- _SUPPLIED INFORMATION_:
════════════════════

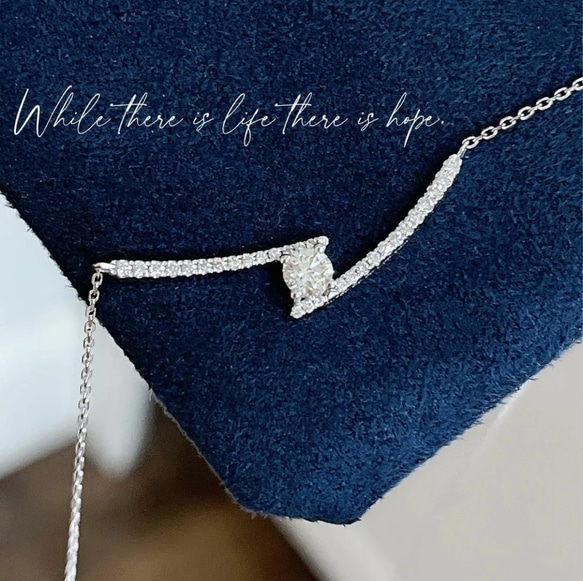 鑑別書付き K18 天然 ダイヤモンド ネックレス 18金 0.2ct ネックレス  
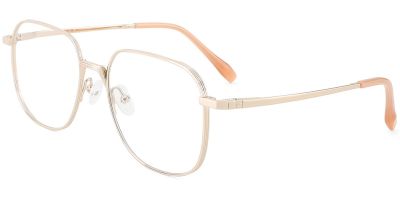 Titanium Prescription Glasses 26033 Gold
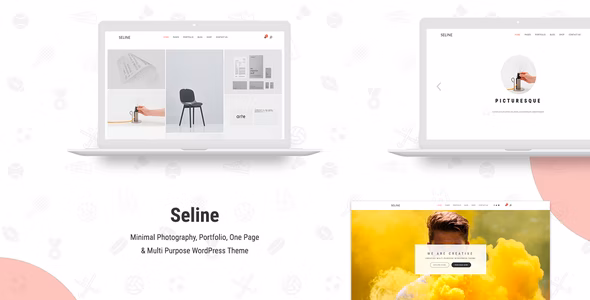 Seline v1.1.4 – 创意摄影和作品集 WordPress 主题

════════════════════

- _PROBLEM STATEMENT_: Copy out the data exactly and keep the pictures out.

- _WRITTEN ANSWER_:
 鑑別書付き K18 天然 ダイヤモンド ネックレス 18金 0.2ct ネックレス  
 Titanium Prescription Glasses 26033 Gold
 Seline v1.1.4 – 创意摄影和作品集 WordPress 主题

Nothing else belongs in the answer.